Cotton: July futures were down 32 points and December futures closed down 41 points today, and at new contract low closes. Today’s monthly USDA supply and demand report was given a slightly negative read today. There were no changes to U.S. cotton data other than a slight dip in the 2019/20 price forecast (down 1 cent to 64 cents). Global carryout was raised for both 2018/19 and 2019/20, the latter up to 77.26 million bales from 75.69. That gave the report a slightly bearish look. President Trump said today China desperately needs a trade deal with the U.S. and that he thinks China’s President Xi will meet face-to-face with him later this month. However, the recent harsh rhetoric coming from the U.S. on the China front has many skeptical such a meeting will occur. Cotton traders are generally giving the present status of the trade talks a bearish read for any agreement coming soon.
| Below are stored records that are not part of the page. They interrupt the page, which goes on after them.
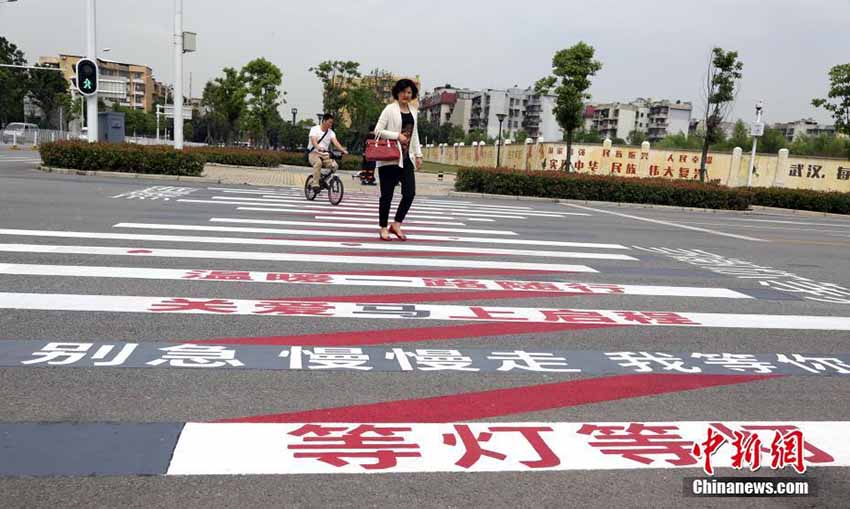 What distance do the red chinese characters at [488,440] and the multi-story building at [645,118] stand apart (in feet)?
428

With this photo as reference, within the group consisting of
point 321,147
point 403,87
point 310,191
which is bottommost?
point 310,191

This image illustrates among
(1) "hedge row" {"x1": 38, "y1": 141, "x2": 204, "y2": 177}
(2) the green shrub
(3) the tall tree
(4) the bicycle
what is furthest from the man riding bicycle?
(3) the tall tree

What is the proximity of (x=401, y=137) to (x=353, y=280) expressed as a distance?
2.76m

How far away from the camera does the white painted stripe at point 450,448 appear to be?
106 inches

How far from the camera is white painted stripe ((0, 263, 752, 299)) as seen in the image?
596 centimetres

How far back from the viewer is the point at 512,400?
11.5 ft

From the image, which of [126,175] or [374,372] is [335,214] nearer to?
[374,372]

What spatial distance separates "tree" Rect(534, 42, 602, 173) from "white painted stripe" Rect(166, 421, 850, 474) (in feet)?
110

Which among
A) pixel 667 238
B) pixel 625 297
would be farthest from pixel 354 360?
pixel 667 238

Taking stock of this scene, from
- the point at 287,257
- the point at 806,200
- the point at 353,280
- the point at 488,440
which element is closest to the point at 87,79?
the point at 287,257

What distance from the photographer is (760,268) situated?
8.60 meters

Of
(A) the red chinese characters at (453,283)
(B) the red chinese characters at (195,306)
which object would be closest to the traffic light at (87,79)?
(A) the red chinese characters at (453,283)

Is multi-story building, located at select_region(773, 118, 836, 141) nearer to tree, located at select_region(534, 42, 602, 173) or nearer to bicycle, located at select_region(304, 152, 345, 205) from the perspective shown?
tree, located at select_region(534, 42, 602, 173)

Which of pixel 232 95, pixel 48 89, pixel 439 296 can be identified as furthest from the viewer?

Hogs: Hogs were mostly sharply lower today. August futures fell $1.875 to close at $82.975, with December falling $2.95 to $76.425. Funds keep piling into the short side of the market, despite signs of improving fundamentals. It is a similar selling pattern to what happened in corn during April, before prices rallied. U.S. Meat Export Federation President and CEO Dan Halstrom says the “lifting of Mexico’s retaliatory duties was the most welcome news the U.S. pork industry has received in a long time.” However, the market failed to hold Monday’s rally on news the U.S. was suspending new Mexico tariffs. That may be because President Donald Trump threatened to impose further tariffs of 25% or more on $300 billion in Chinese goods if President Xi Jinping doesn’t sit down with him at the Group of 20 summit in Japan this month. The retaliatory duties from China continue to put U.S. pork at a significant disadvantage in China. Midday pork cutout values rose $1.46 on moderately active sales. Ham prices rose to the highest in nearly three years yesterday.
Cattle: Live cattle futures posted gains of 52 1/2 cents to $1.025 through the December contract. Feeder cattle futures finished 57 1/2 cents to $1.70 lower through the November contract.: Feeder cattle futures were pressured by the surge in corn prices following USDA’s Supply & Demand Report. Corn prices rallied after USDA slashed its new-crop corn ending stocks projection by 810 million bu. from last month and raised its 2019-20 cash corn price by 50 cents. Live cattle futures finished high-range for a second straight day and extended their rebound from the late-May lows. To attract strong buyer interest, however, the cash market must show that it has stabilized and is ready to rally. Cash cattle trade averaged $113.76 last week, down nearly $2 from the previous week.